Siegler recherchierte die Leben der Ausgeschlossenen. Biografien, die unterschiedlicher nicht sein könnten. Während den einen die Flucht gelang und sie sich in den USA, England oder Frankreich eine neue Existenz aufbauten und Familien gründeten, kämpften andere im Krieg für Deutschland an der Front oder im Widerstand gegen die Nazis. 13 der ausgeschlossenen Clubmitglieder überlebten die Nazi-Zeit nicht. Zehn wurden in Konzentrationslagern ermordet.

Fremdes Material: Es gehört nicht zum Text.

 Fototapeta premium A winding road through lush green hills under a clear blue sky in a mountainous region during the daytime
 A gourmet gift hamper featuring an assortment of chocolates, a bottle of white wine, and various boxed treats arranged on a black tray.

Clubhistoriker Siegler recherchierte zu den rausgeworfenen jüdischen Mitgliedern und ihrem Verbleib.
Walter Rothschild überlebte das KZ Buchenwald
Nur einer überlebte das KZ Buchenwald: Walter Rothschild. Über das Leben des Textilkaufmanns und seines Bruders Otto erfuhr Siegler mehr, weil er die Tochter, Yvonne Rothschild, in Berlin ausfindig machen konnte. Sie erzählte von ihrem Vater, der nach seiner Befreiung wieder nach Franken zurückkehrte und bis zu seinem Tod als Club-Fan ins Stadion ging.
Es sei wichtig, dass die NS-Zeit und ihre Gräueltaten nicht vergessen würden, sagt Yvonne Rothschild. Antisemitismus müsse entschlossen bekämpft werden. Das sehen auch Siegler und der 1. FC Nürnberg als ihre Aufgabe. Der Verein organisiert Fahrten für interessierte Club-Fans zu den KZ-Gedenkstätten in Dachau und Flossenbürg. Auch dabei fließen einzelne Biografien ehemaliger jüdischer Mitglieder mit ein, geben den Opfern des NS-Terrors ein Gesicht, eine persönliche Geschichte und machen sie damit für die Teilnehmenden nachvollziehbarer.
Historiker Siegler denkt schon weiter: Als eines der nächsten Projekte könnte er sich vorstellen, dass Fans mithelfen, anhand der Vereinskartei selbst die Lebensläufe weiterer Mitglieder zu recherchieren - so wie schon bei Hertha BSC.
Auch andere Vereine nahmen sich inzwischen der Geschichte ihrer jüdischen Mitglieder an, darunter Werder Bremen. Auch hier werden in einem Buch die Schicksale von sieben Mitgliedern des Clubs während der NS-Herrschaft beleuchtet.